Energy allocation in a diapausing copepod: a transcriptomics analysis

Vittoria Roncalli, Stazione zoologica A. Dohrn, Naples, Italy, Matthew C Cieslak, University of Hawaii, Pacific Biosciences Research Center, Honolulu, HI, United States, Petra H. Lenz, University of Hawaii at Manoa, Pacific Biosciences Research Center, Honolulu, HI, United States and Russell R Hopcroft, University of Alaska Fairbanks, Fairbanks, United States
Abstract:
In highly seasonal and food-limited environments, diapause has been one of the strategies evolved in zooplankters to synchronize growth and reproduction to peaks in production. This type of dormancy, which involves developmental arrest, lowmetabolic activity, longer life span, and a delay in reproduction, includes a dependence on lipid stores to meet energetic needs of diapause and post-diapause reproduction. How capital breeders balance the energetic requirements of cellular function and the cost of reproduction in organisms that include a diapause remains poorly understood. Here, a gene expression study was used to investigate the relationships between energy utilization, cellular maintenance and oogenesis in the subarctic copepod Neocalanus flemingeri. After mating the non-feeding adult female enters a period of diapause prior to spawning ca. six months later. The capital needed to support the diapause and the reproductive programis acquired during the pre-adult stages, which co-occur with a short annual phytoplankton bloom. In N. flemingeri females, transcriptional pattern of genes involved in cellular homeostasis and metabolic pathways identified three major expression profiles coinciding with emergence from diapause and early oogenesis, mid to late oogenesis, and finally spawning and end-of-life. Post diapause and during early oogenesis, gene expression patterns suggested that females were metabolically active and basal cellular activities had resumed. This was followed by the down-regulation of genes involved in cellular homeostasis as the reproductive program progressed to mid and late oogenesis.

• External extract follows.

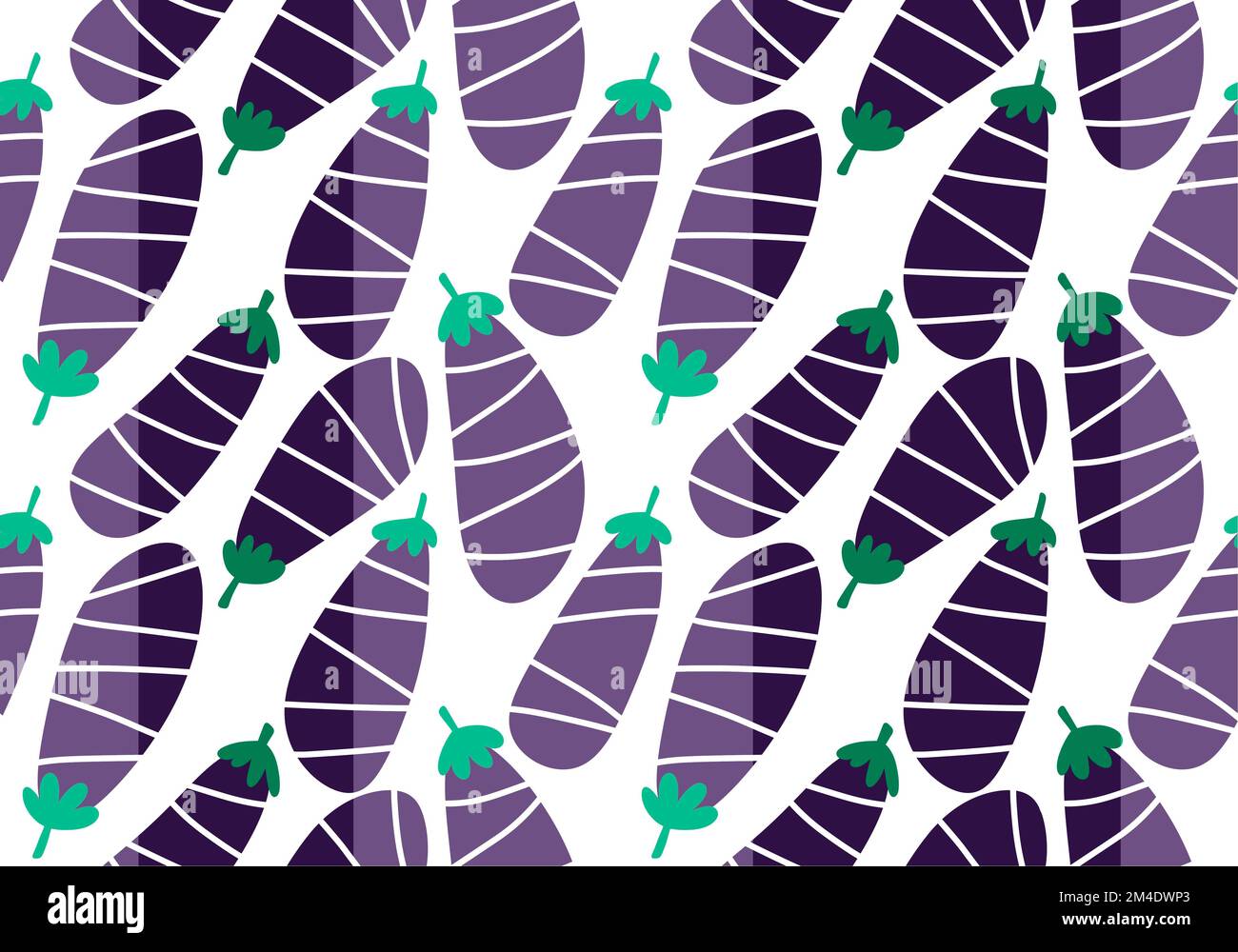 Eggplant Funny Print Pattern Bed Set Quilt main image 0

As females started to spawn, genes involved in protein ubiquitination and programmed cell death became up-regulated. The data suggest that females match fecundity to available resources by limiting germline development to early post-diapause coincident with the up-regulation of genes involved in cellular homeostasis, glycolysis and lipid catabolism. This strategy decreases the risk of reproductive failure by assuring that oogonia can mature successfully.